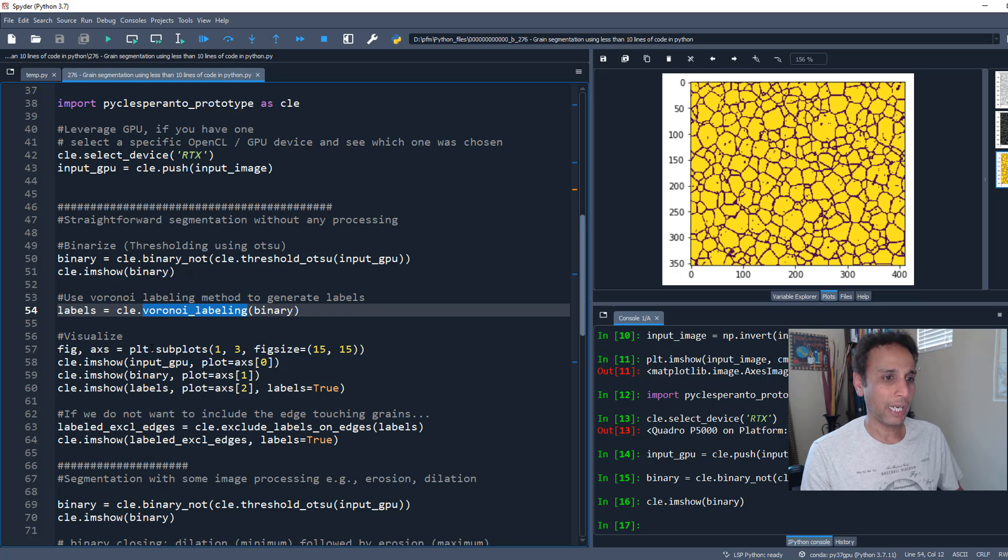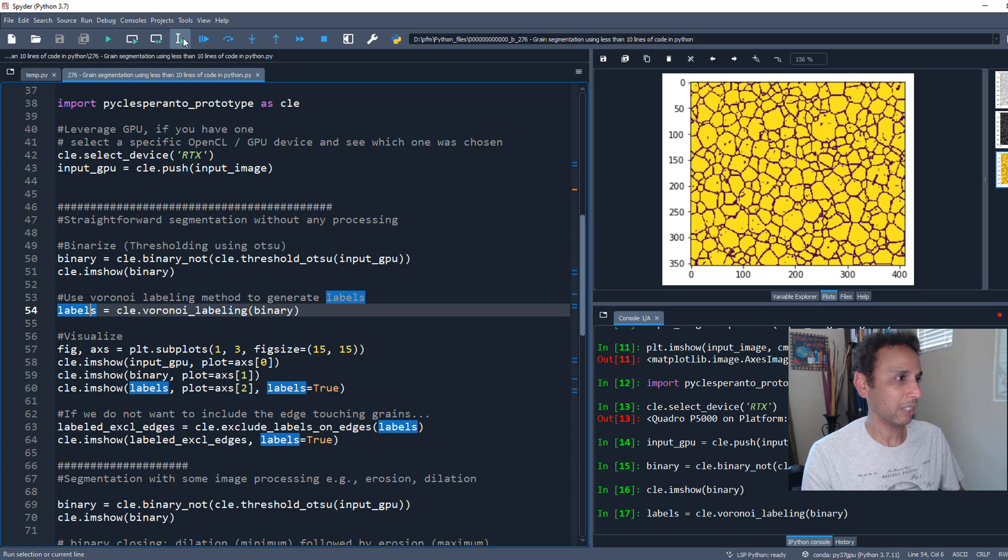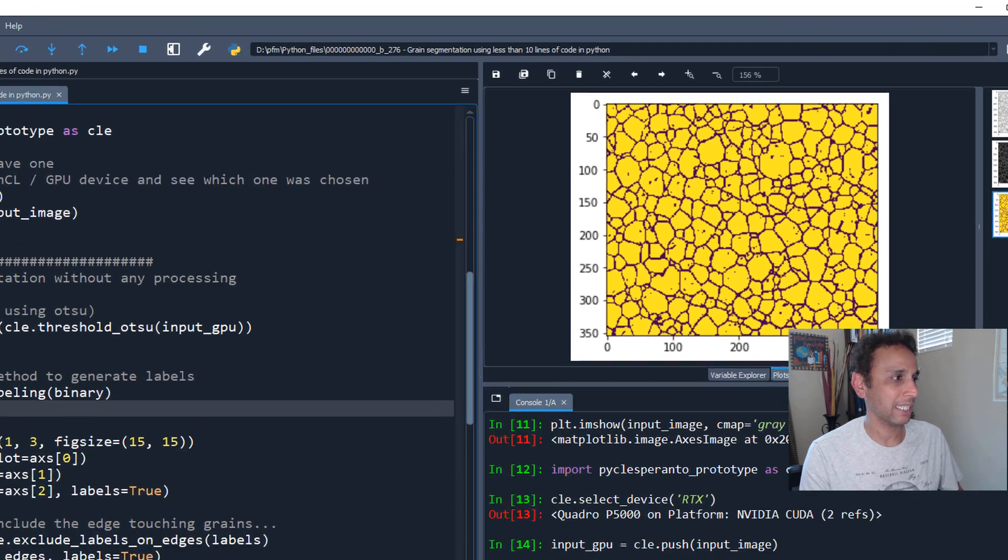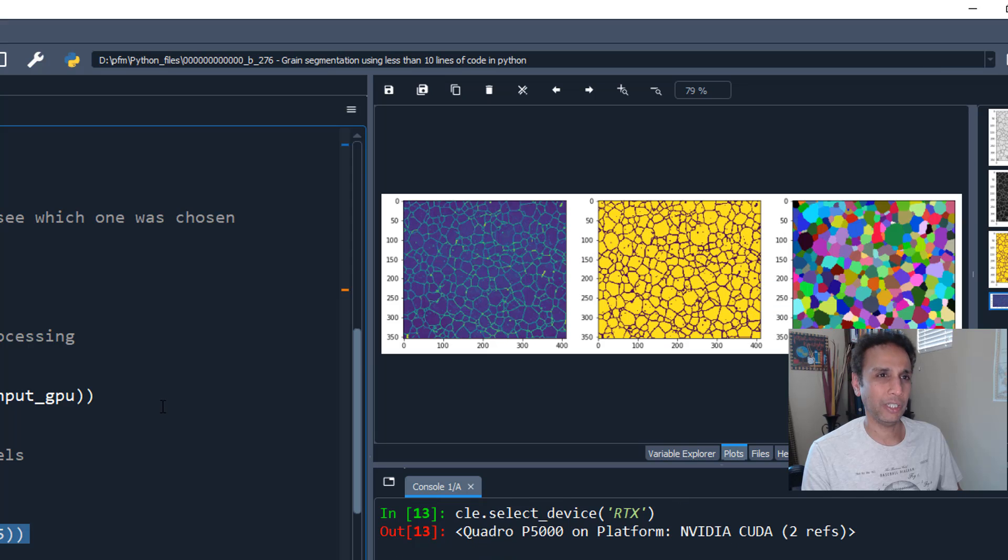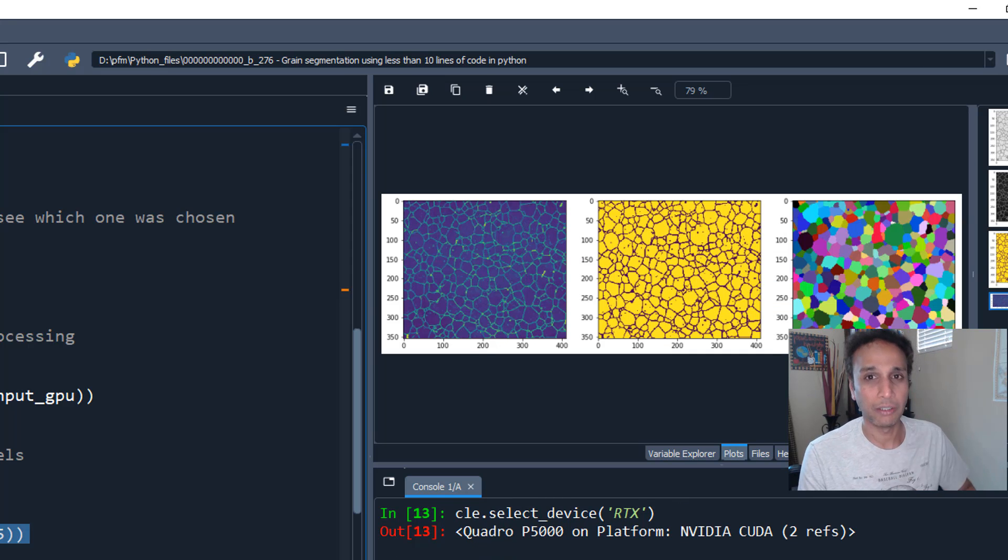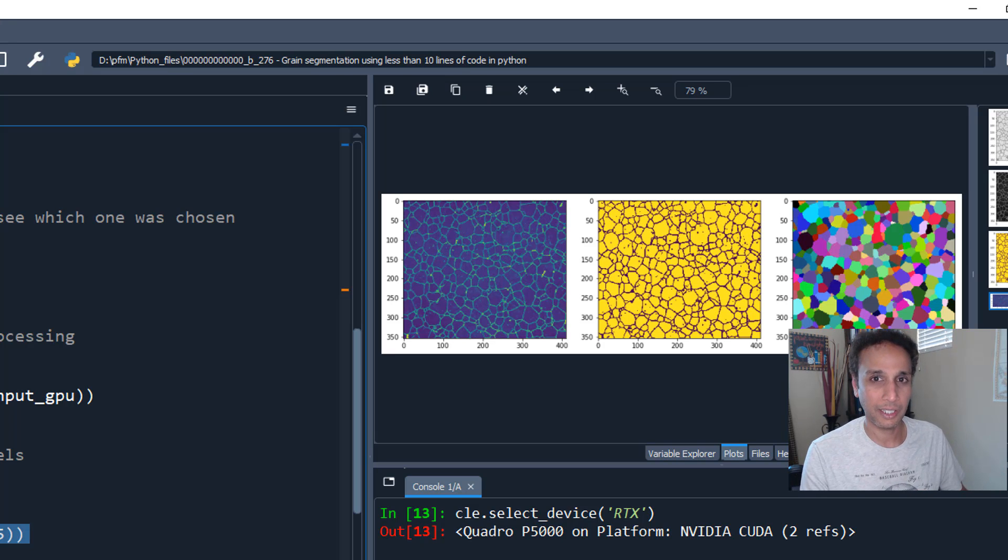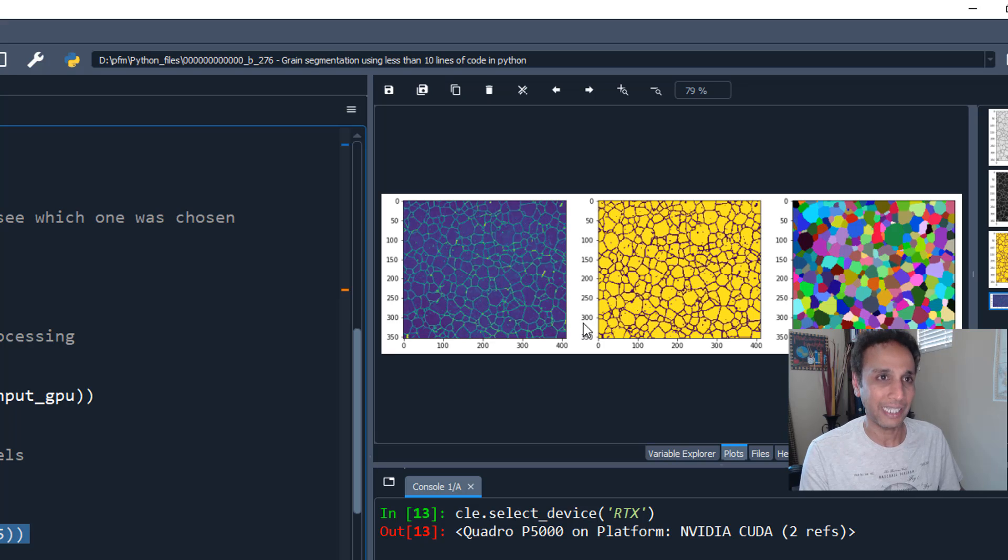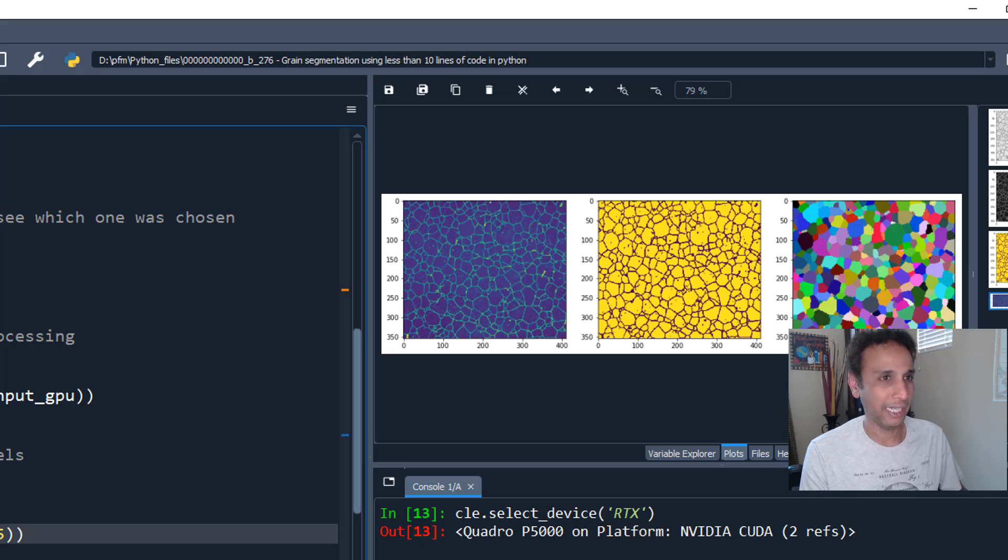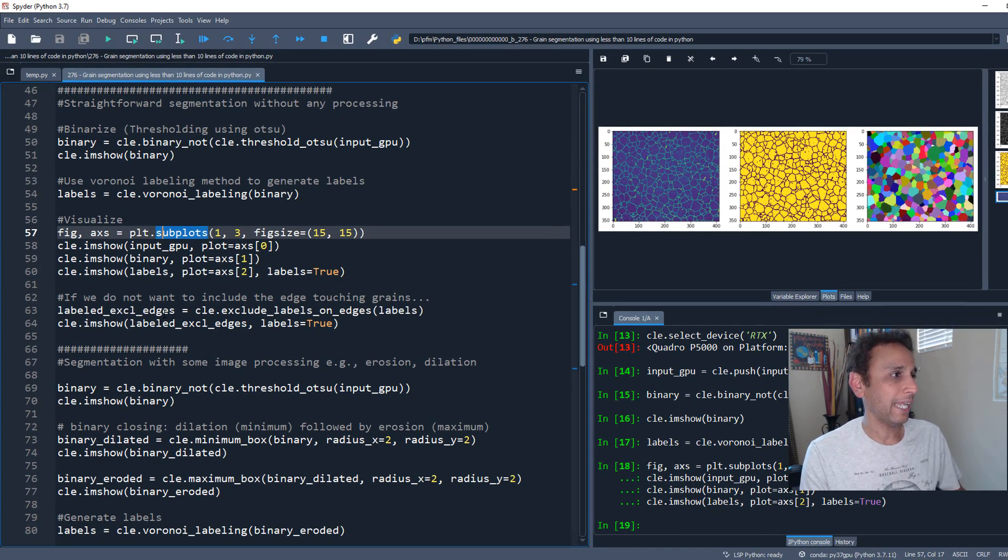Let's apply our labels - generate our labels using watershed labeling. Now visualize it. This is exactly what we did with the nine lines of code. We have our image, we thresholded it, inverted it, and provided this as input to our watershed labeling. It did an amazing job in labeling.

---

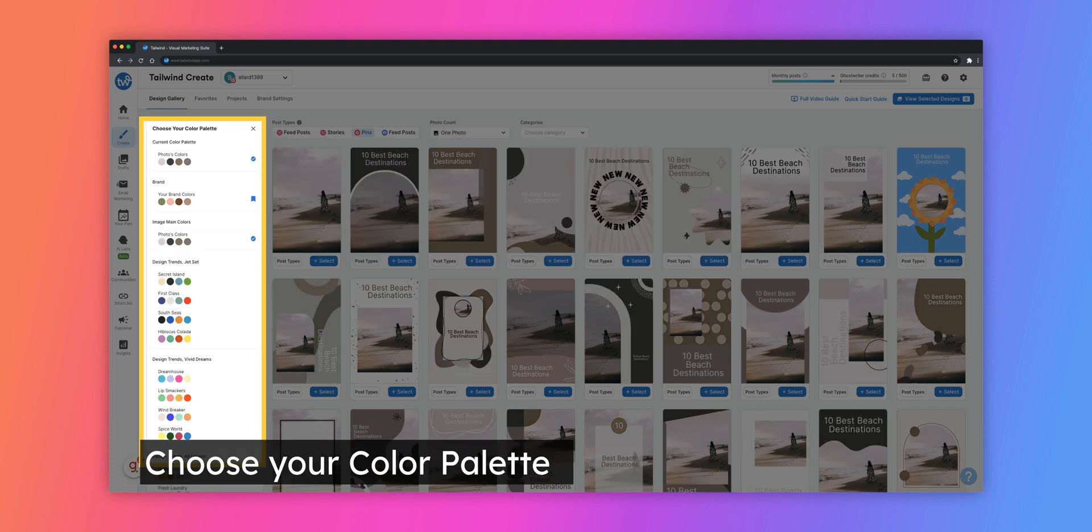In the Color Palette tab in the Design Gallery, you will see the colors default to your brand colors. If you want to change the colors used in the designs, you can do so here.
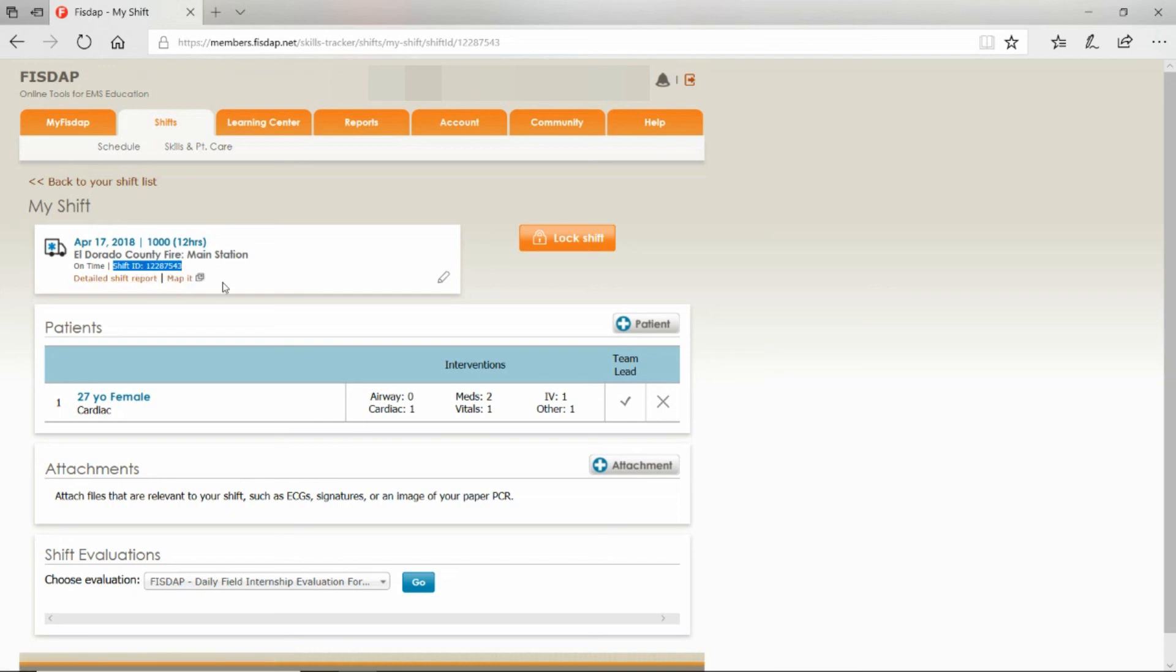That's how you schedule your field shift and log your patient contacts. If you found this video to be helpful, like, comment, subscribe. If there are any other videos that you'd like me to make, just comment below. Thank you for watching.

AIM OF THE EXERCISE
Exact copy, no pictures. Write out the lines in the entries above, starting with the line with "In the Color" and going on through the line with "That's how you", keeping both.

EXPECTED OUTPUT
In the Color Palette tab in the Design Gallery, you will see the colors default to your brand colors. If you want to change the colors used in the designs, you can do so here.
That's how you schedule your field shift and log your patient contacts. If you found this video to be helpful, like, comment, subscribe. If there are any other videos that you'd like me to make, just comment below. Thank you for watching.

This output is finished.